**** Stored data ****
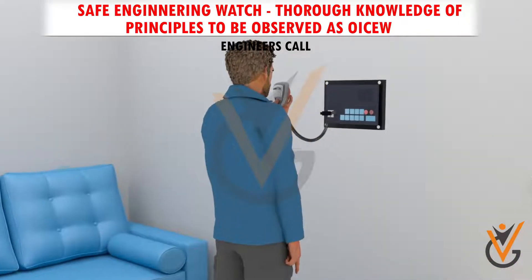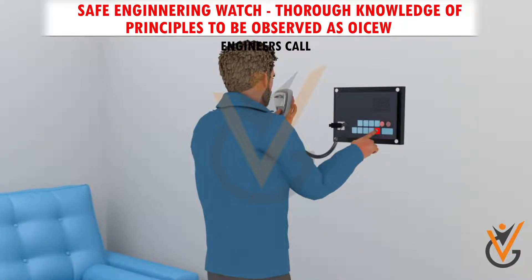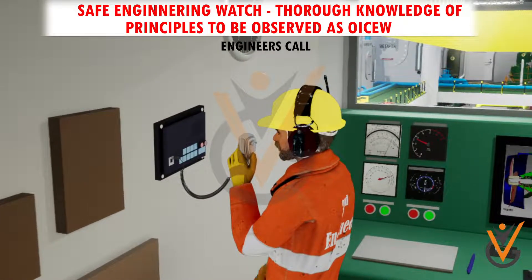To talk back from the main unit to an extension, press the responding extension number. The indicated lamp on the extension will light and the calling sound will stop; the user can then use it to talk back. When alarming, the main unit sends an alarm signal to all extensions. Press the mute key and use the mic to talk back with extension.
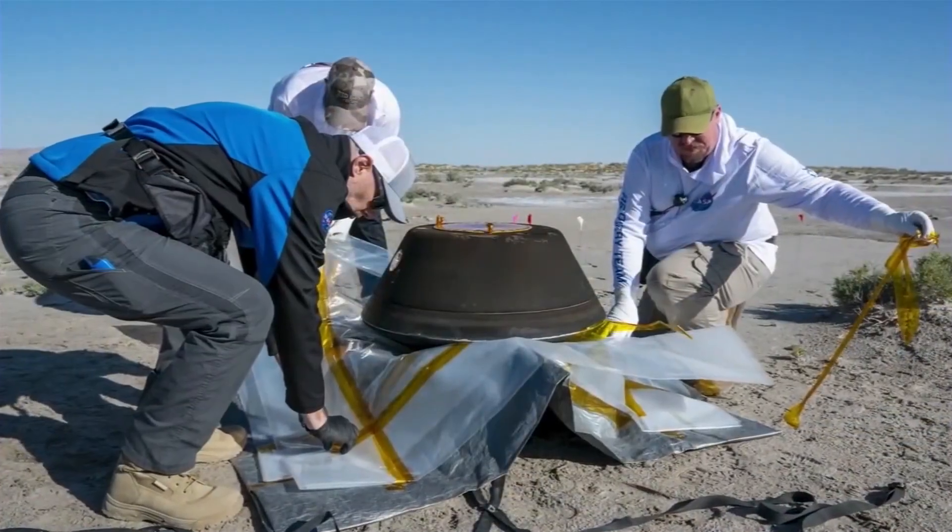We believe that we're bringing back that kind of material — literally maybe representatives of the seeds of life that these asteroids delivered at the beginning of our planet — that led to this amazing biosphere, biological evolution, and to us being here today to look back on that amazing history.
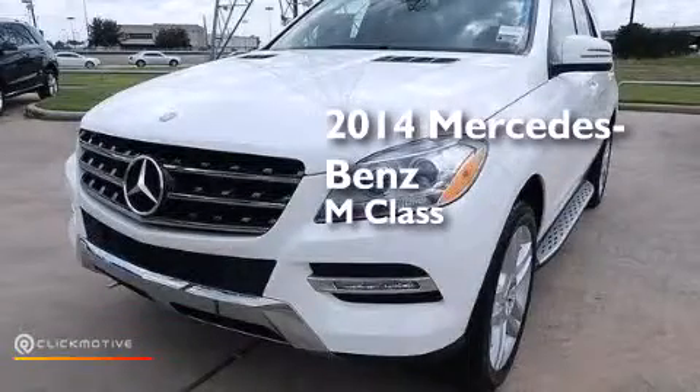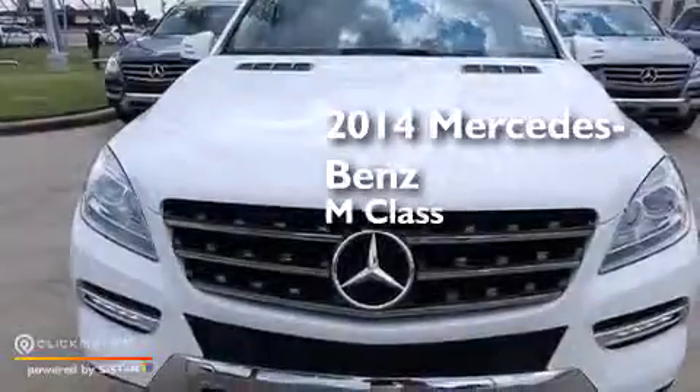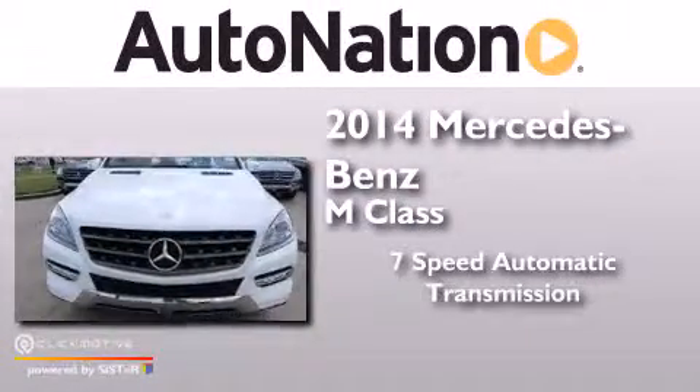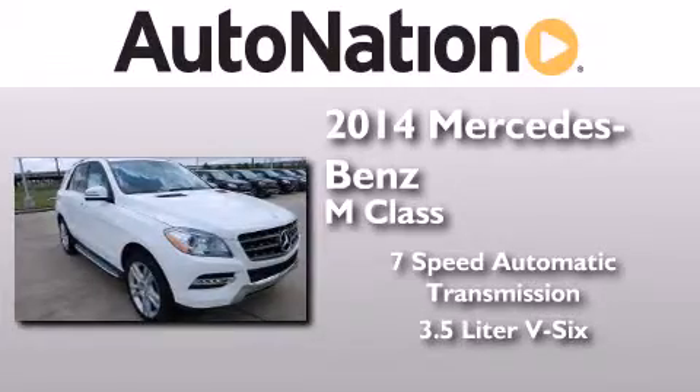This is a brand new 2014 Mercedes-Benz M-Class. This crossover has a 7-speed automatic transmission and a 3.5-liter V6.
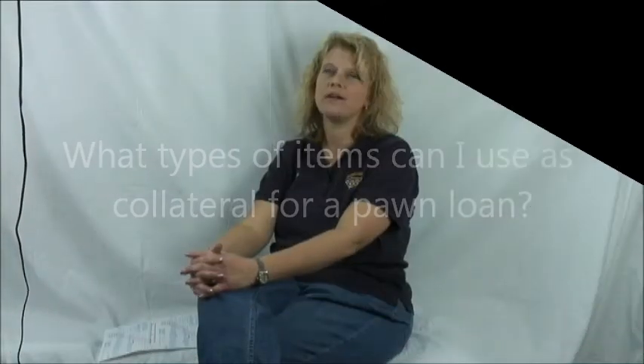We take all sorts of stuff. Most people bring us the traditional gold, silver, diamonds, musical instruments, but with the recession, we've seen everybody bringing in everything. We've taken in $1,000 bills and Civil War memorabilia, and your great-grandmother's silverware — it certainly has a lot of value if it's all silver.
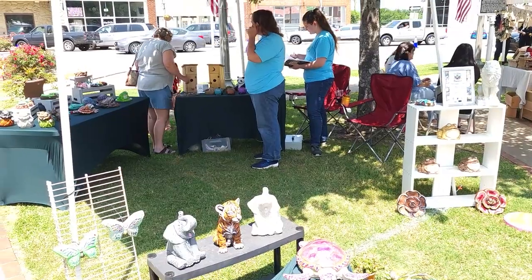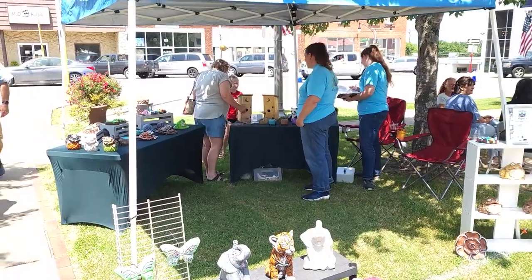We feel that it's very important for people to get out and look at what people are creating, because there's a lot of very interesting things — from upscale things to down-home country backwoods hang-it-on-the-wall kind of stuff.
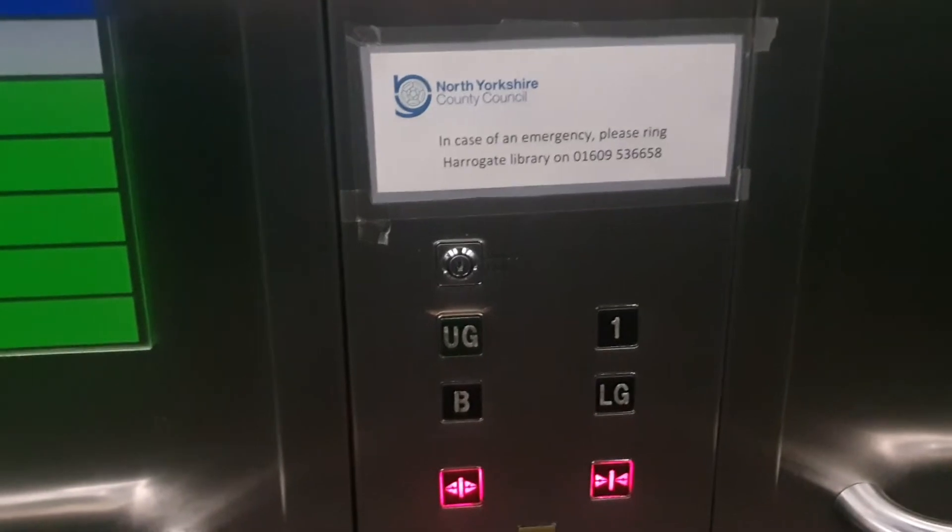Upper ground floor. First floor. It's going to be these doors, I think. Doors opening. It's going to be these doors.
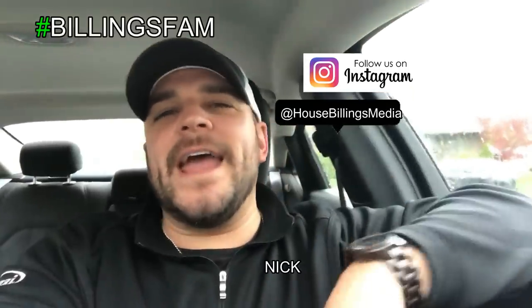What is up Billings fam, you're here with another episode of House Billings. I feel like I'm always doing these intros from a car - this is because we are always on the go. We got so many things going on and of course it's another gloomy day, it's like April showers bring May showers, just showers upon showers, always raining.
****
__Action item__: Could you please write out exactly the lines from the start of the entries above through the line that holds "We take all", both included, with no pictures?

__Written response__:
To talk back from the main unit to an extension, press the responding extension number. The indicated lamp on the extension will light and the calling sound will stop; the user can then use it to talk back. When alarming, the main unit sends an alarm signal to all extensions. Press the mute key and use the mic to talk back with extension.
We believe that we're bringing back that kind of material — literally maybe representatives of the seeds of life that these asteroids delivered at the beginning of our planet — that led to this amazing biosphere, biological evolution, and to us being here today to look back on that amazing history.
This is a brand new 2014 Mercedes-Benz M-Class. This crossover has a 7-speed automatic transmission and a 3.5-liter V6.
We take all sorts of stuff. Most people bring us the traditional gold, silver, diamonds, musical instruments, but with the recession, we've seen everybody bringing in everything. We've taken in $1,000 bills and Civil War memorabilia, and your great-grandmother's silverware — it certainly has a lot of value if it's all silver.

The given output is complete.